● **Work to complete**: Go through the records and show each line where the word "Vintage" occurs.

━━━━━ Provided data

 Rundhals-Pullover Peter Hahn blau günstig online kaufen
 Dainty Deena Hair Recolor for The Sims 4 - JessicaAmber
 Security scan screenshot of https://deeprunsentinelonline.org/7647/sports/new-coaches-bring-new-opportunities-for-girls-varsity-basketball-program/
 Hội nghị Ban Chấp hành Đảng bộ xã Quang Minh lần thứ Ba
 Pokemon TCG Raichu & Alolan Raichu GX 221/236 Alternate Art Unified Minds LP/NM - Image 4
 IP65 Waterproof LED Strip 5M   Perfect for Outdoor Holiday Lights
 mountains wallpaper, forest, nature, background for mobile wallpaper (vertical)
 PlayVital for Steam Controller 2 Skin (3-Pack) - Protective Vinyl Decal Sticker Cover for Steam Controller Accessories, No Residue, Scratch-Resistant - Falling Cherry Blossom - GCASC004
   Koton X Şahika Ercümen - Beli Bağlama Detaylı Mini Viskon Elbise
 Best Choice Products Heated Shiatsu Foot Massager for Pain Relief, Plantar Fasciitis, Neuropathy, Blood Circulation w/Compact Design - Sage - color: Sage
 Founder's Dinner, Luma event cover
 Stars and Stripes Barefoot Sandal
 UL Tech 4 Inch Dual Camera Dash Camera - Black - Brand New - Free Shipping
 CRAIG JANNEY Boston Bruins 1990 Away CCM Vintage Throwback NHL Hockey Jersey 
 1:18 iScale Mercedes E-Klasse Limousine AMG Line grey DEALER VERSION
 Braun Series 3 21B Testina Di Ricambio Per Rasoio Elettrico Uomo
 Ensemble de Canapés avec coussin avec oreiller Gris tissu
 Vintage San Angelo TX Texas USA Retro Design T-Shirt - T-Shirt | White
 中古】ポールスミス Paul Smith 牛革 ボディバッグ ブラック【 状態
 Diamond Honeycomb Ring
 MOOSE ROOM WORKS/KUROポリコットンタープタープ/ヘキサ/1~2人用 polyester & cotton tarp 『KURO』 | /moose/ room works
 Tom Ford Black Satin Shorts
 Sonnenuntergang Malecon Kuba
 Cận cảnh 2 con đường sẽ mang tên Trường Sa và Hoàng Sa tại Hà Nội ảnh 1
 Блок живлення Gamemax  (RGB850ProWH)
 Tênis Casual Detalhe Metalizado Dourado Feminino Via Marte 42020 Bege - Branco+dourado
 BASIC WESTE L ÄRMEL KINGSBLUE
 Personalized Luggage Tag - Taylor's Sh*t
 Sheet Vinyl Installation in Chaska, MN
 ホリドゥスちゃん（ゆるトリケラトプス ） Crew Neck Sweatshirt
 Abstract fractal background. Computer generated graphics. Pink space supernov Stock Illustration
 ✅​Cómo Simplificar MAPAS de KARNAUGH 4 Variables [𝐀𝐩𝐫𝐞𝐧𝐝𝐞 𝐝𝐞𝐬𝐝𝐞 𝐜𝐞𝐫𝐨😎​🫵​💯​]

━━━━━━━━━━

● **Exercise solution**:
 CRAIG JANNEY Boston Bruins 1990 Away CCM Vintage Throwback NHL Hockey Jersey 
 Vintage San Angelo TX Texas USA Retro Design T-Shirt - T-Shirt | White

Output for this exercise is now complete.